Sunday, March 29, 2009

The Waiyaki Between

I think Ngugi made a few very significant points throughout The River Between. Waiyaki, one of the most prominent characters, was conflicted throughout the book by what he was taught/told to believe and what he is exposed to as he begins working among the ‘white men.’ As a child, Waiyaki looked forward to becoming a man of the tribe and his circumcision. The tribal customs and traditions were instilled in him at a very young age and taught to him as absolute truths. As he is introduced to the new ideas his comes across during his time being educated by the white men, Waiyaki begins to change. As he takes in these new ideas he begins to question what is right. As his circumcision drew closer, Waiyaki really experienced second thoughts about what circumcision stood for, the abandonment of some sort of control to the tribe. Waiyaki is caught between this internal and external struggle. It is also external because he is such a prominent leader and is being pulled in several directions by his tribe and the oath he made, what he believes to be right, Nyambura because of his love for her, the prophecy, his father/his father’s memory, etc… I think Ngugi is illustrating through Waiyaki a very important message. Throughout the novel, Ngugi doesn’t condemn either culture or their traditions, including circumcision.
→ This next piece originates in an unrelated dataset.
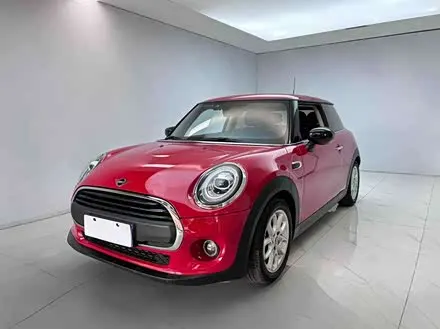MINI ONE 2021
The one spot that stuck out to me in which Ngugi seemed to display some opinion regarding circumcision was near the end of the book. He wrote, “Circumcision of women was not important as a physical operation. It was what it did inside a person. It could not be stopped overnight. Patience and, above all, education, were needed.” I think, for Ngugi, there isn’t one right answer. I think he would say the important thing to do would be to be like Waiyaki and examine all areas, all ideas, all walks of life, and come to some sort of belief, some sort of compromise within one’s self, to fully believe in. Even though this is sometimes not enough, as we saw at the end of this book, it can only happen if individuals are willing to go against the grain, to stand up for what they believe in, unlike the people who had pledged allegiance to Waiyaki.